** SUPPLIED RECORDS follows **

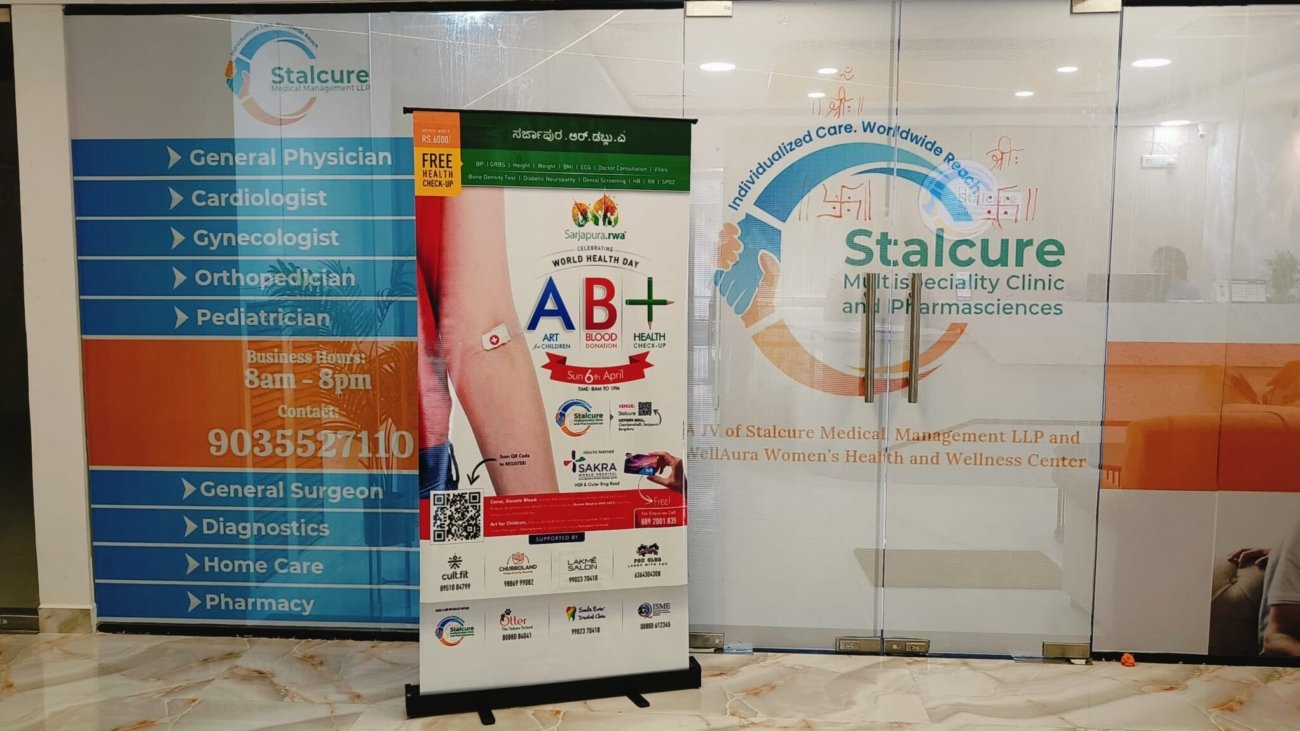 Blood donation camp at Stalcure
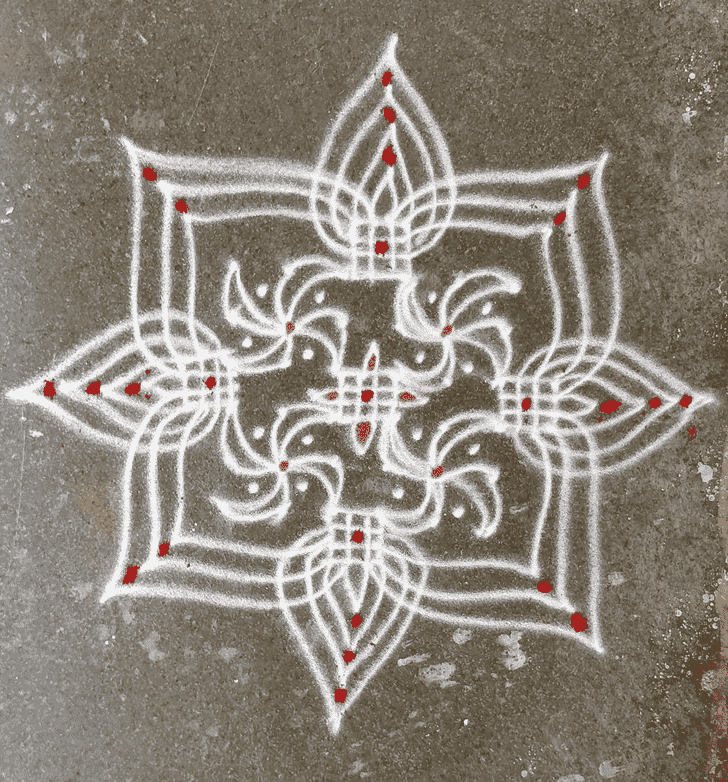 Exquisite White Rangoli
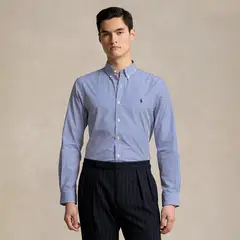 POLO RALPH LAUREN - Camisa Hombre Manga larga de Algodón Custom Fit
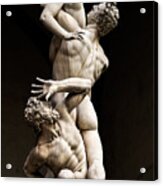 Florence - Rape Of The Sabine Women Acrylic Print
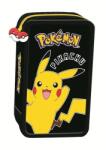 St. Majewski Pokemon felszerelt 3 emeletes tolltartó - Black (723688) - iskolataskawebshop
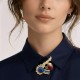 Broche Camila Klein Exclusive Safira Ouro Velho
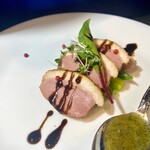 チーズバル バエ - 鴨ロース　バルサミコ添え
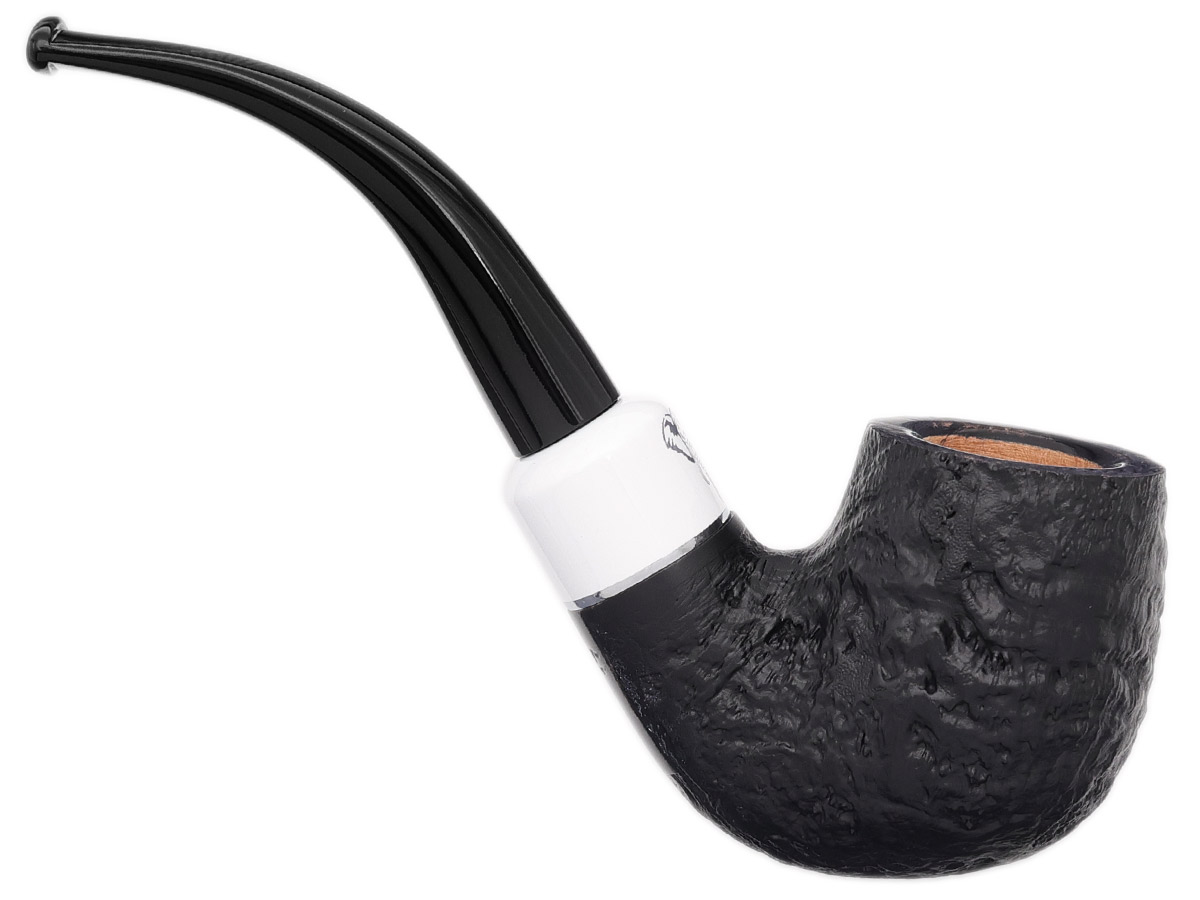 White Elephant Kenya Sandblasted Bent Billiard (9mm)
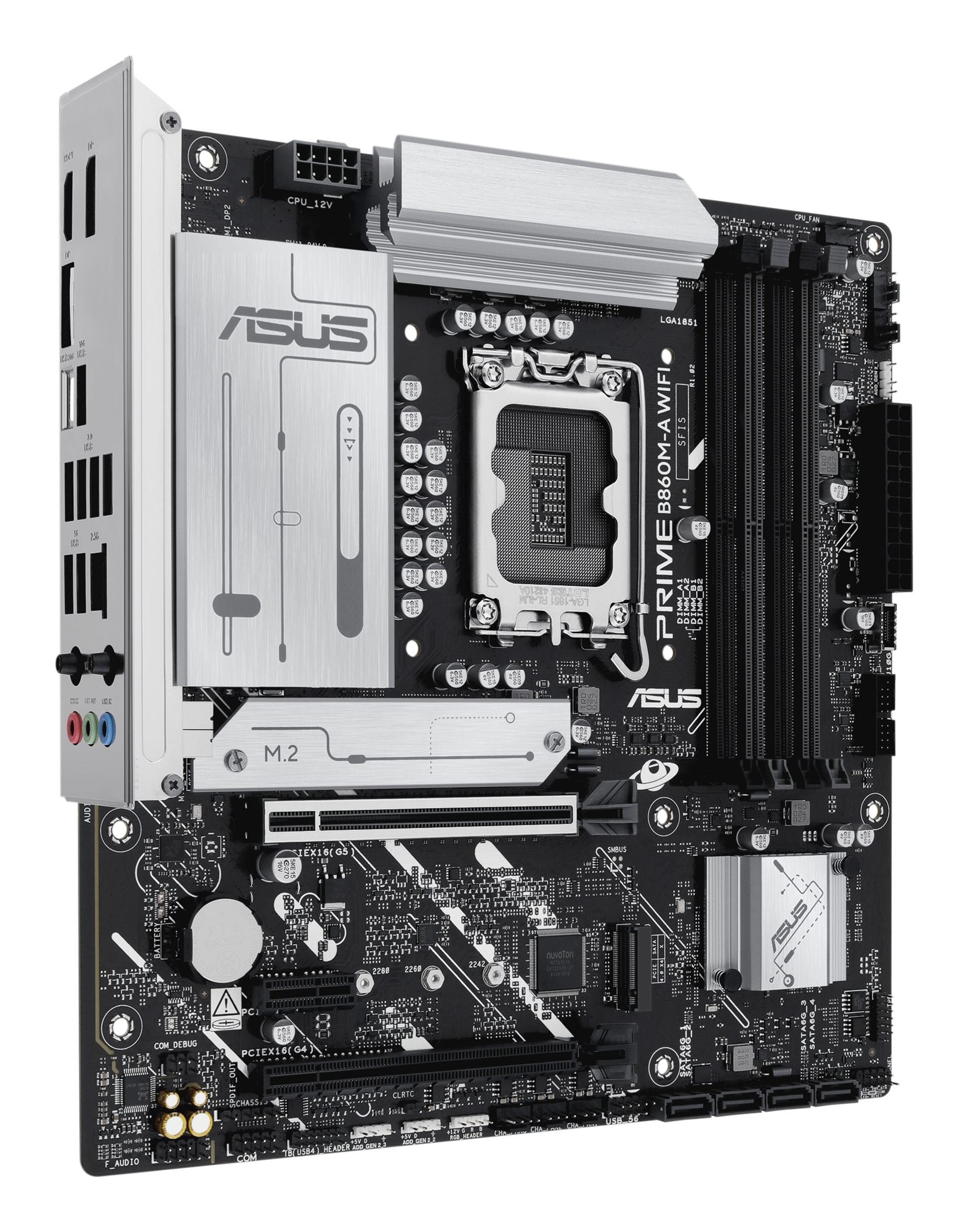 ASUS PRIME B860M-A WIFI LGA1851 DDR5 micro ATX MB 1xHDMI 2xDP 2xM.2 4xSATA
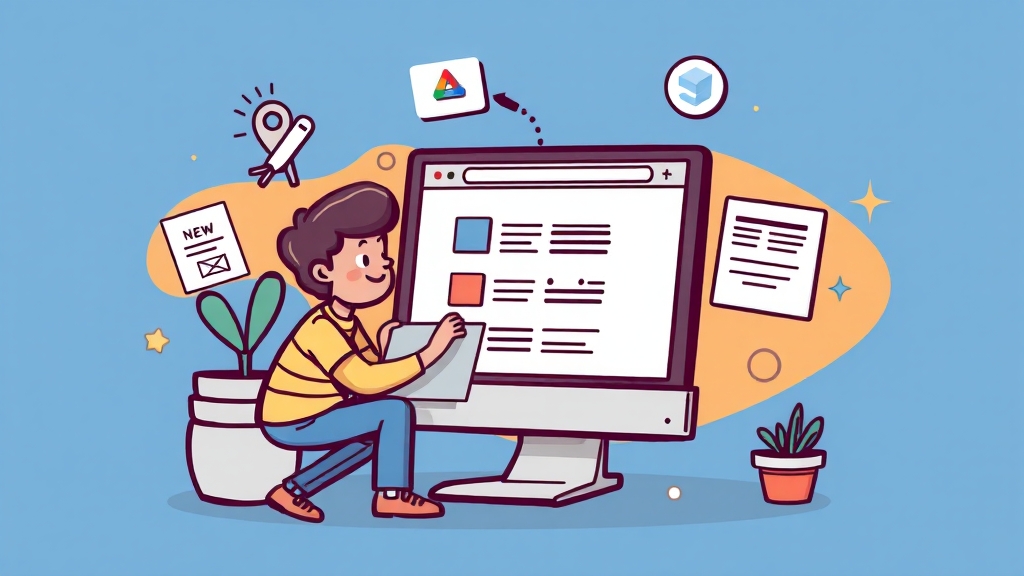 서치 콘솔 꿀팁 (cartoon 스타일)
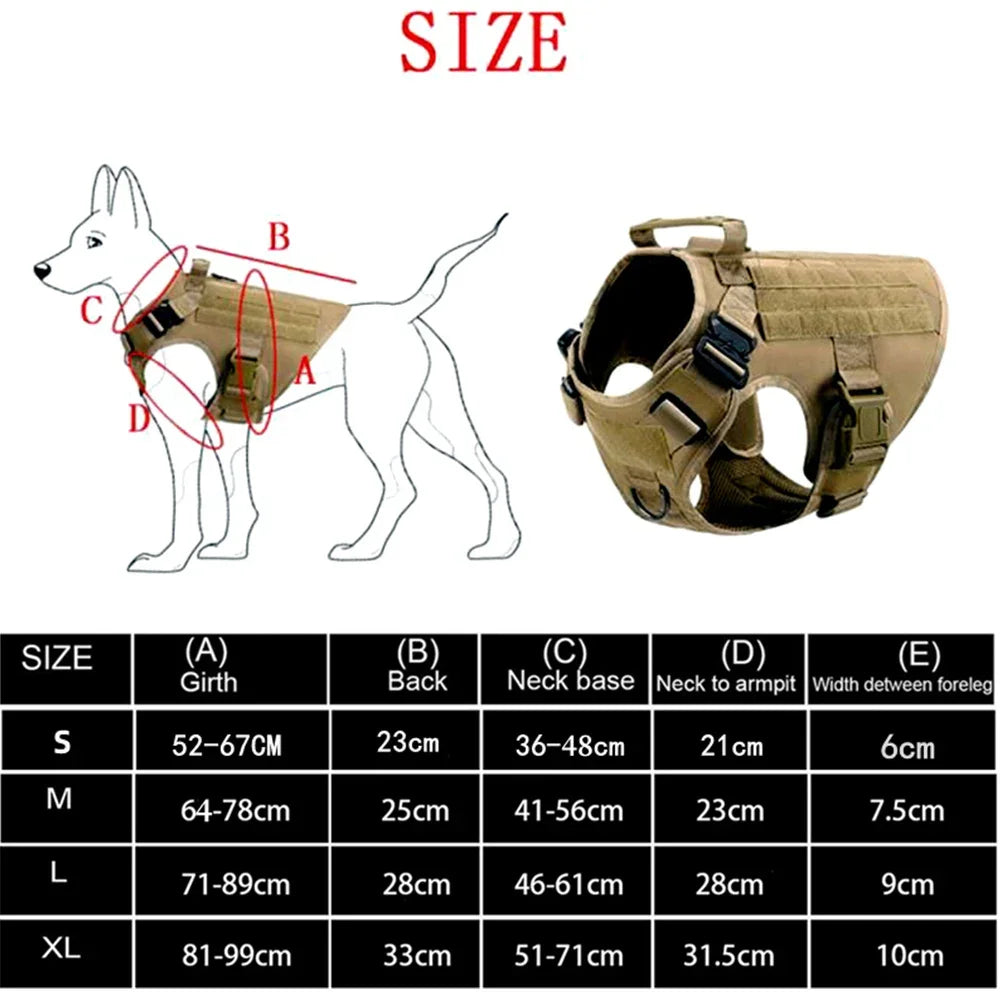 COOYOMOOCN Tactical Dog Harness No Pull Adjustable Service Vest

** End of SUPPLIED RECORDS **

_ASSIGNED TASK_.
In the answer, the entries should be restated verbatim, with all pictures omitted.

_ANSWER SECTION_.
 Blood donation camp at Stalcure
 Exquisite White Rangoli
 POLO RALPH LAUREN - Camisa Hombre Manga larga de Algodón Custom Fit
 Florence - Rape Of The Sabine Women Acrylic Print
 St. Majewski Pokemon felszerelt 3 emeletes tolltartó - Black (723688) - iskolataskawebshop
 Broche Camila Klein Exclusive Safira Ouro Velho
 チーズバル バエ - 鴨ロース　バルサミコ添え
 White Elephant Kenya Sandblasted Bent Billiard (9mm)
 ASUS PRIME B860M-A WIFI LGA1851 DDR5 micro ATX MB 1xHDMI 2xDP 2xM.2 4xSATA
 서치 콘솔 꿀팁 (cartoon 스타일)
 COOYOMOOCN Tactical Dog Harness No Pull Adjustable Service Vest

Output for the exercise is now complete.